The blue fuzz to the left of the quasar UM 287 (white dot in center) is a filament of hydrogen gas extending 1.5 million light-years long.
S. Cantalupo / UCSC

Astronomers know the cosmic web exists because they’ve detected it indirectly. If you look through the cosmic web at a brilliant source in the distance, the source’s light will show a “forest” of hydrogen absorption lines from all the filaments it intercepted along the way.

But there aren’t that many bright, distant sources out there. And the gas in between galaxies is so spread out it doesn’t emit much light itself.

Unless, that is, the gas is lit up by galactic flashlights. Galaxies bursting with newborn stars or hosting a gas-guzzling black hole will light up their surroundings, irradiating the sparse hydrogen gas that surrounds them.

This has been done before — the galaxy UM 287 acts as a cosmic flashlight to light up a 1.5 million light-years-long filament. But now Umehata and colleagues have imaged the same thing on an even bigger scale.

A Set of Cosmic Flashlights

Using the Multi Unit Spectroscopic Explorer (MUSE) on the European Southern Observatory’s Very Large Telescope in Chile, Umehata’s team zeroed in on a distant collection of galaxies, collectively known as SSA22, whose light takes 12 billion light-years to travel to Earth. The galaxies themselves are brilliant with newborn stars, black hole activity, or both. The light pouring out of these galaxies lights up the gas between the galaxies, boosting its emission.

Two filaments, each about 3 million light-years long, run vertically through this image, taken by the MUSE instrument on the Very Large Telescope. The white dots are galaxies bursting with new stars, imaged by the Atacama Large Millimeter/submillimeter Array in Chile. (Other galaxies with gas-guzzling black holes at their centers, imaged by NASA’s Chandra X-ray Observatory, are not shown here.) The 24 galaxies associated with this group are embedded in the hydrogen-gas filaments.
Hideki Umehata

MUSE detected bright patches emitted by hydrogen gas around the galaxies (this is gas that is bound to the galaxies), as well as fainter patches that connect the galaxies. Most of the fainter emission comes from two filaments that run vertically through the image, extending some 3 million light-years. (We’re seeing this length projected onto the two-dimensional plane, so the total extent could be even longer than that.)

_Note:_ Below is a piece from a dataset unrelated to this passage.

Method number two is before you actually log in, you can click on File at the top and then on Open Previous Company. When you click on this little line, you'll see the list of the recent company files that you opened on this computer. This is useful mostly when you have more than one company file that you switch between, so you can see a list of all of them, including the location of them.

The astronomers calculate that this region of cosmic web contains a trillion Suns’ worth of gas. Moreover, this gas doesn’t stay still. This gas is likely trickling down onto the galaxies, fueling their star formation and black hole activity.

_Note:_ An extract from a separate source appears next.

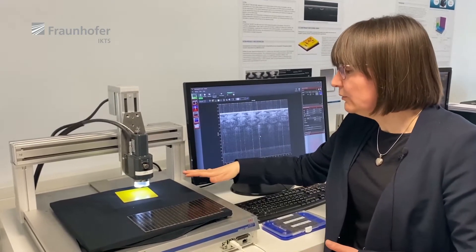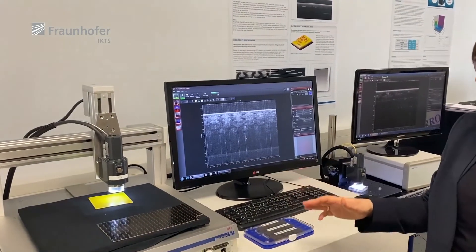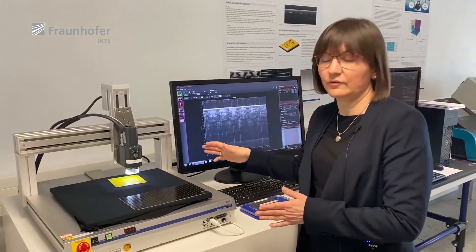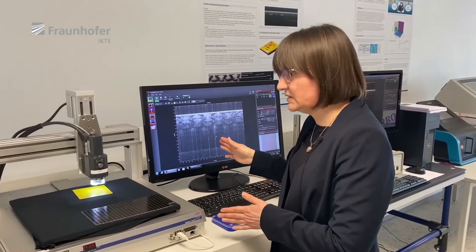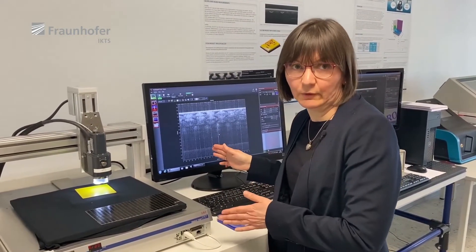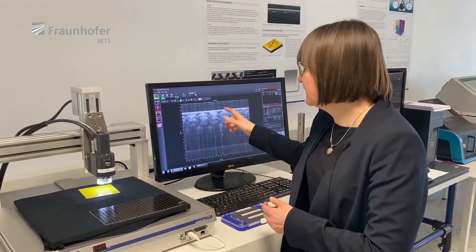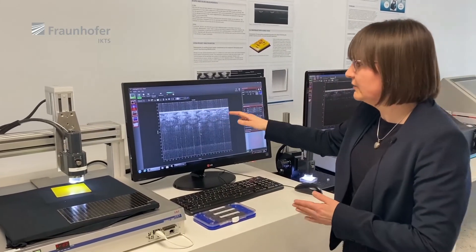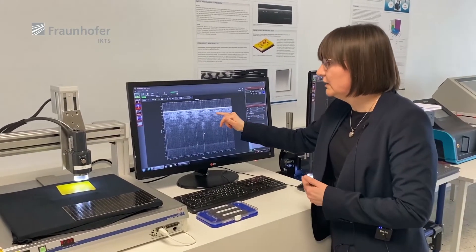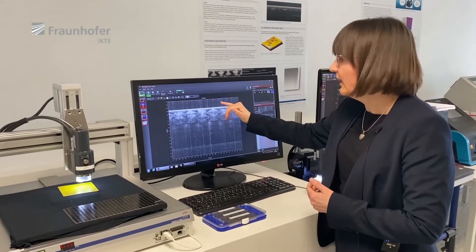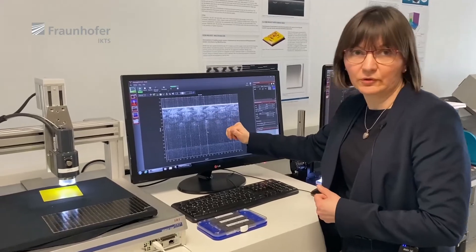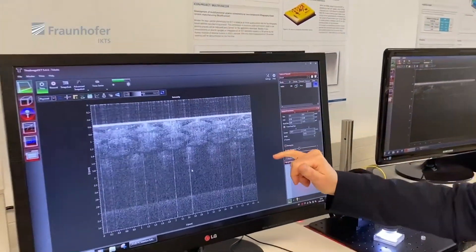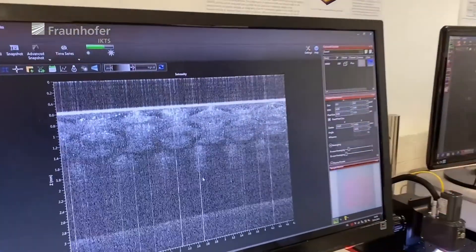Going back to the flexibility concerning the selection of the light source: this system uses 1.3 microns as I said. The depth resolution allows us to see large objects relatively deep into the surface, but we cannot see more of the fine details.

“The observations from Umehata et al. are just the tip of the iceberg,” says Erika Hamden (University of Arizona), who authored an accompanying opinion piece in Science. “Other similarly bright structures will eventually be identified and observed.”

Ironically, though, observations of the cosmic web will — for now — remain limited to the distant, early universe. Light at ultraviolet wavelengths will stretch into visible and even infrared wavelengths as it passes through the expanding universe. To observe the cosmic web nearby, we would need access to ultraviolet wavelengths that are blocked by Earth’s atmosphere.

“Probing the full history of the universe by observing gas emissions requires a probe-class UV satellite,” Hamden adds. “It requires getting a large UV telescope into space, which is challenging for logistical and financial reasons.”